The Irish Film Institute has discovered that a long-used news photo is not a documentation of a 1920 event, but actually a still from a 1926 war film.
The Irish Independent reported May 29 that the film institute learned the photo is still from “Irish Destiny,” when it was restoring Ireland’s film archives. The 1926 drama was the first movie set in Ireland about that war, IrishCentral reported.
The photo was thought to have pictured “British intelligence officer Lt. Gilbert Arthur Price engaging the IRA seconds before he was killed in a gun battle with republicans on Dublin’s Talbot Street on October 14, 1920.”
But, it’s really actor Paddy Dunne Cullinan acting out the scene in “Irish Destiny.”
The picture had been reported to have been taken by a 15-year-old apprentice photographer named John J. Horgan. The Irish Independent reported that Horgan ended up becoming the Irish Independent’s chief photographer.
The Irish Independent reported that Tommy Graham, editor of the bimonthly magazine ‘History Ireland.” “believes the mix-up occurred due to a newspaper article which featured a series of pictures from the War of Independence.”
The photo has been used in Dan Breen’s 1973 book “My Fight for Irish Freedom” and on the cover of Peter Cottrell’s 2009 book “The War for Ireland: 1913-1923.” IrishCentral reported that the photo “has been widely used in history books for close to ninety years.”

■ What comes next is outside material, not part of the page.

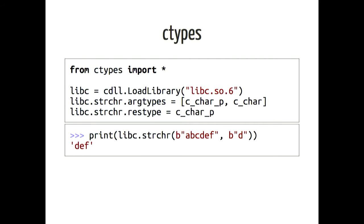Using Ctypes, all you have to do is reference the C library, then describe the prototype of a C method that you believe to be in that library, and then you can invoke that method directly from raw Python without the need to compile anything on the Python side. For example, we could use Ctypes to load libc, the standard C library on POSIX boxes, and we can tell that library that there is a function called strchr. It takes a character pointer, a C char P, and a C character, and it returns a character pointer. Then you can invoke that method directly. So whatever system libraries your platform provides, you can access them from Python.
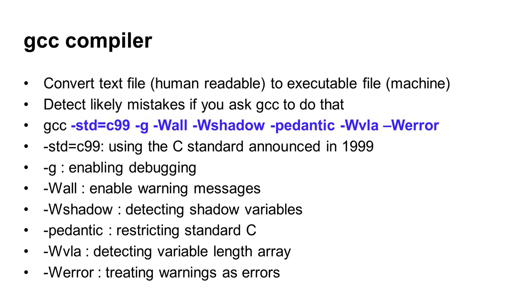Let's study GCC more. GCC can accept many different options. In this class, we will use GCC in this way: add -std=c99, -g, -Wall, and so on. These enable a set of functions in GCC. The first one tells GCC to use the C standard announced in 1999. The second one, -g, enables debugging.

The Irish Independent reported that “A spokesman for Osprey Publishing, which produced ‘The War for Ireland: 1913-1923’, said it was unaware of the real background of the picture it choose for the cover. “It’s a very striking image of the period. That was why we choose it,” he said.
The Irish Film Institute released “Irish Destiny” on DVD last December.
The Irish War of Independence lasted from 1919 to 1921.